Please return, with no alterations, the lines below from the very first through the one that contains "ALO Yoga Women's".

┄┄┄┄┄┄┄┄┄┄┄┄┄┄┄┄┄┄┄┄

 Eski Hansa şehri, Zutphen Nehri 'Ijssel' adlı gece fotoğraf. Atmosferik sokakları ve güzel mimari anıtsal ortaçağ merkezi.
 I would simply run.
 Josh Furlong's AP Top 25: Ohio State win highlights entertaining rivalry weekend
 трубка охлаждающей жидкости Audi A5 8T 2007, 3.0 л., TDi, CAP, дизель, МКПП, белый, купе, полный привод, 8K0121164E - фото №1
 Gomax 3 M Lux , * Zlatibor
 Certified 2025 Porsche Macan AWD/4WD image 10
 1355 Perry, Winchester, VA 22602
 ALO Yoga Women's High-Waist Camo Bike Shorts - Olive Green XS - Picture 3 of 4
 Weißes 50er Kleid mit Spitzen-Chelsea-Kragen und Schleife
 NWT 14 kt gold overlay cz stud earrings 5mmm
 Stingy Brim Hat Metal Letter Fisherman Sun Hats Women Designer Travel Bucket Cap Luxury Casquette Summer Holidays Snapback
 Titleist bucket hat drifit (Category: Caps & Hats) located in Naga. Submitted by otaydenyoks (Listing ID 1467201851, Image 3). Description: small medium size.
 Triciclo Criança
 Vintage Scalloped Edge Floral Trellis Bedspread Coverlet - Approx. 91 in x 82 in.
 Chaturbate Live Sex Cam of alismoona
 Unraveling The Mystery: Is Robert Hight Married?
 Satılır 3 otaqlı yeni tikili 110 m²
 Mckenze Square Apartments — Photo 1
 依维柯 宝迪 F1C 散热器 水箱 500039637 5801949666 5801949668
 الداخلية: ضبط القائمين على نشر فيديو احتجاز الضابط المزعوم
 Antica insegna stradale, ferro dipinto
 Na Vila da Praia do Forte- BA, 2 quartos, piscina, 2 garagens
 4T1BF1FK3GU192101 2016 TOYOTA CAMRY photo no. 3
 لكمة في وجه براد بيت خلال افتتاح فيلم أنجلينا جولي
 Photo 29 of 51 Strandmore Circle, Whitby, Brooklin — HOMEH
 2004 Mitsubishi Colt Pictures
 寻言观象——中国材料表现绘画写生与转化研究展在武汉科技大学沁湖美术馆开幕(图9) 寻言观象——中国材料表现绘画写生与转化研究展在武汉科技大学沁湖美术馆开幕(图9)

┄┄┄┄┄┄┄┄┄┄┄┄┄┄┄┄┄┄┄┄

SOLVED EXERCISE:
 Eski Hansa şehri, Zutphen Nehri 'Ijssel' adlı gece fotoğraf. Atmosferik sokakları ve güzel mimari anıtsal ortaçağ merkezi.
 I would simply run.
 Josh Furlong's AP Top 25: Ohio State win highlights entertaining rivalry weekend
 трубка охлаждающей жидкости Audi A5 8T 2007, 3.0 л., TDi, CAP, дизель, МКПП, белый, купе, полный привод, 8K0121164E - фото №1
 Gomax 3 M Lux , * Zlatibor
 Certified 2025 Porsche Macan AWD/4WD image 10
 1355 Perry, Winchester, VA 22602
 ALO Yoga Women's High-Waist Camo Bike Shorts - Olive Green XS - Picture 3 of 4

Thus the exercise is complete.